Now I need to copy this one out of my switch to open it in Wireshark on my laptop. To do that I can use SCP. I will initate the scp command from my laptop and initiate the scp session from my laptop to my Arista switch and grab the file.

I have configured my out of band interface in a MGMT vrf, so for me to be able to access the switch via that interface I need to put the bash session on the switch in the MGMT vrf context. So before going into bash I need to enter the VRF and then enter bash.

[ansible@veos-dc1-leaf1a ~]$ exit
logout
veos-dc1-leaf1a#cli vrf MGMT
veos-dc1-leaf1a(vrf:MGMT)#bash

Arista Networks EOS shell

[ansible@veos-dc1-leaf1a ~]$ pwd
/home/ansible
[ansible@veos-dc1-leaf1a ~]$ ls
wireshark.pcap
[ansible@veos-dc1-leaf1a ~]$

Now I have placed bash in the correct context and grab the file using SCP from my client:

Info: The user that logs into the switch needs to be allowed to log directly to Enable mode. This is done by adding the following: AristaSwitch#aaa authorization exec default local ** In configure mode **

From my client where I have Wireshark installed I will execute scp to copy the pcap file from the switch (I can also run scp from the switch and copy to any destination):

➜  vxlan_dumps scp ansible@172.18.100.103:/home/ansible/wireshark.pcap .
(ansible@172.18.100.103) Password:
wireshark.pcap                                                                                           100%  361    46.1KB/s   00:00
➜  vxlan_dumps

Now I can open it in Wireshark

When done, I can go back to the Arista switch log out of bash and into default vrf again like this:

[ansible@veos-dc1-leaf1a ~]$ exit
logout
veos-dc1-leaf1a(vrf:MGMT)#cli vrf default
veos-dc1-leaf1a#

TCPdump remotely on the switch

The first approach introduced many steps to get hold of some tcpdumps.

One can also trigger tcpdumps remotely and either show them in your own terminal session or dump to a pcap file.

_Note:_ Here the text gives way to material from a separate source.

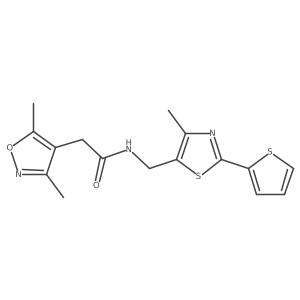 2-(3,5-dimethylisoxazol-4-yl)-N-((4-methyl-2-(thiophen-2-yl)thiazol-5-yl)methyl)acetamide结构式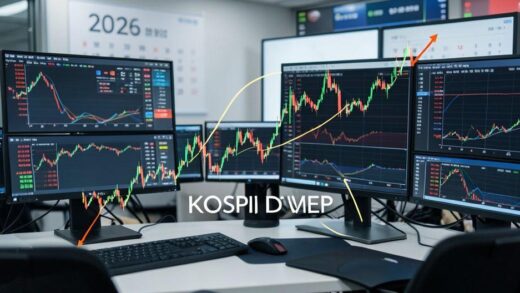 A professional financial chart showing Korean stock index KOSPI trending upward with Middle East peace dove symbol overlay, modern trading desk with multiple monitors displaying market data, 2026 calendar visible in background.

To trigger the tcpdump and show live in your session I will now from my own client execute the following command:

➜  vxlan_dumps ssh ansible@172.18.100.103 "bash tcpdump -s 0 -v -vv -w - -i vmnicet5 -c 4 icmp" | tshark -i -
(ansible@172.18.100.103) Password: Capturing on 'Standard input'

tcpdump: listening on vmnicet5, link-type EN10MB (Ethernet), snapshot length 262144 bytes
4 packets captured
4 packets received by filter
0 packets dropped by kernel
    1   0.000000  10.20.11.10 → 10.20.12.10  ICMP 98 Echo (ping) request  id=0x000b, seq=3558/58893, ttl=64
    2   0.003400  10.20.12.10 → 10.20.11.10  ICMP 98 Echo (ping) reply    id=0x000b, seq=3558/58893, ttl=62 (request in 1)
    3   1.001586  10.20.11.10 → 10.20.12.10  ICMP 98 Echo (ping) request  id=0x000b, seq=3559/59149, ttl=64
    4   1.005124  10.20.12.10 → 10.20.11.10  ICMP 98 Echo (ping) reply    id=0x000b, seq=3559/59149, ttl=62 (request in 3)
4 packets captured

If I want to write to a pcap file and save the content directly on my laptop:

➜  vxlan_dumps ssh ansible@172.18.100.103 "bash tcpdump -s 0 -v -vv -w - -i vmnicet5 icmp -c 2" > wireshark.pcap
(ansible@172.18.100.103) Password:
tcpdump: listening on vmnicet5, link-type EN10MB (Ethernet), snapshot length 262144 bytes
2 packets captured
2 packets received by filter
0 packets dropped by kernel
➜  vxlan_dumps

Now I can open it in Wireshark. All the different tcpdump options and variables is ofcourse options to play around with. It is the exact tcpdump tool you use in your everyday Linux operating system. Its not a Arista specific tcpdump tool.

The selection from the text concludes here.